Ian McEleney is a professional mountain guide for the American Alpine Institute. He lives, works, and plays in The Sierra Nevada. We asked him about guide-life.

This is the second story in our Why We Climb series, exploring the world of climbing and mountaineering. You can follow the entire series here:


IW: How did you first enter the world of climbing?

IM: When I was a kid my parents sent me and my sister to summer camp for a week every summer to get us out of their hair. That was where I started hiking and backpacking and fell in love with being in the mountains.


In college I started to notice that all of my hiking and backpacking trips began with a map, and that the trails on the map usually followed a natural feature like a ridge, creek, valley, etc. I thought it might be kind of cool to pick two points on the map, draw a straight line between them, and travel that line. It occurred to me that I might need to learn some new skills, as my straight line might cross a lake or go over a cliff, and I would need to follow the line on that terrain. I resolved to acquire the skills and then travel the line. I started with climbing, fell head over heels, and promptly forgot about the rest of the plan. I never did learn anything about boating. I can swim though.

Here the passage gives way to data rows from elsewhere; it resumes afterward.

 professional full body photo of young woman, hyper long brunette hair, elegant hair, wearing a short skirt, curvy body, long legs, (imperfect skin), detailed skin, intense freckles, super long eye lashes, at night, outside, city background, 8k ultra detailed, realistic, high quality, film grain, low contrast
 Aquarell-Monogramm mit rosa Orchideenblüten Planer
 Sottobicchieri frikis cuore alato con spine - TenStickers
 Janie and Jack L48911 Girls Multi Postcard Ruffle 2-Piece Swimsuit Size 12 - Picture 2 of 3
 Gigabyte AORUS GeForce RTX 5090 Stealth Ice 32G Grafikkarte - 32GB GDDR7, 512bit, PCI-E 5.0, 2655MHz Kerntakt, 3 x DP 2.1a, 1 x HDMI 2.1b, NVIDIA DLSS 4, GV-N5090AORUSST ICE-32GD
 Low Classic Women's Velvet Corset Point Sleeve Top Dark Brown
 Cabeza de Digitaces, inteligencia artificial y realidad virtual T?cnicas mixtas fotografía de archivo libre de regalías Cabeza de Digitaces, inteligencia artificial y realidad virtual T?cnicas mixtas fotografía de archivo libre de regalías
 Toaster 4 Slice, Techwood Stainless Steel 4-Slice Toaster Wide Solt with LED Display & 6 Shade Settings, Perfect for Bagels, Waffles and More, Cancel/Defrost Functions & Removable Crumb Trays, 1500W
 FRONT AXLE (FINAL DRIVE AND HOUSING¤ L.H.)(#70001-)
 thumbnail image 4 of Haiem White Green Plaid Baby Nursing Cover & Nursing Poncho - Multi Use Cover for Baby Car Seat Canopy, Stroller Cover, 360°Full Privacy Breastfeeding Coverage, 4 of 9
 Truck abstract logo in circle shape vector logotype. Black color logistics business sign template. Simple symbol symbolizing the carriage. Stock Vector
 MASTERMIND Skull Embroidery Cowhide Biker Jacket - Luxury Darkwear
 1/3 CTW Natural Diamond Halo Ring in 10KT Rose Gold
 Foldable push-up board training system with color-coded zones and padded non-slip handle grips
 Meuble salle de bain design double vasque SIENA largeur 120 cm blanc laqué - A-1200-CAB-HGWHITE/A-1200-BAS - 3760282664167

Staying warm in a snow pit at Upper Boy Scout Lake on Mt. Whitney.

IW: What led you to become a mountain guide?

IM: I've always enjoyed passing on knowledge and skills to others. I started climbing in North Conway, NH. I would regularly see local guides out on the cliffs and they were some of the best climbers in the area, so right away I had some respect and admiration for the guiding profession.


Five years after I started climbing I was living in Joshua Tree, CA for the winter. I was planning on leaving town for the summer, as it's quite hot there and really nice in so many other places. I didn't have any firm plans and somehow saw on the Internet that The American Alpine Institute (AAI) was hiring. By this time I had climbed all over the country on a wide variety of peaks, cliffs, rocks, and frozen waterfalls. A breadth of experience is one of the qualities they look for in their guides. A few weeks later I was hired.

IW: What was the process of becoming a mountain guide like? (Required Training, Certifications, etc)

IM: AAI runs its own in-house guide training for all their new hires. New guides spend a month running all over the Cascades on rock, snow, and ice; on little routes and huge ones. They're getting familiar with the terrain they'll be working on and learning the skills they'll need. It's a fairly intense month. The year I went through the training we got one day off out of 29.


Theirs is a fairly unusual process, though. These days to start working as a mountain guide you typically need some level of training, usually from The American Mountain Guides Association (AMGA). They're the body that's responsible for training and certification of mountain guides in the US. They train guides in three disciplines: rock climbing, alpine climbing/mountaineering, and ski mountaineering. Guides can choose to get certified in one or two of the three. To get certified in all three disciplines seems to take most folks four to eight years. Many guides start working with a little AMGA training, and complement that with mentorship, formal in-house trainings, and practical experience as they work toward certification. I'm working my way through that process.

Ian demonstrating winter backcountry navigation techniques.

IW: What is your "typical" day like as a mountain guide?

IM: There is no "typical" day. That's one of the best parts of the job but it's also a pain sometimes.


If I'm working a day trip (perhaps a day of rock or ice climbing, or a day of skills training) I'm usually awake around 6:30. Over breakfast I'll check weather forecasts, avalanche forecasts, and any other relevant conditions information. After making any last minute adjustments to my equipment and ensuring that I'm properly caffeinated, I meet my guests. We'll talk about the day, I'll make sure they're properly equipped and away we go to the day's objective. If it's a day trip I'm often home for dinner.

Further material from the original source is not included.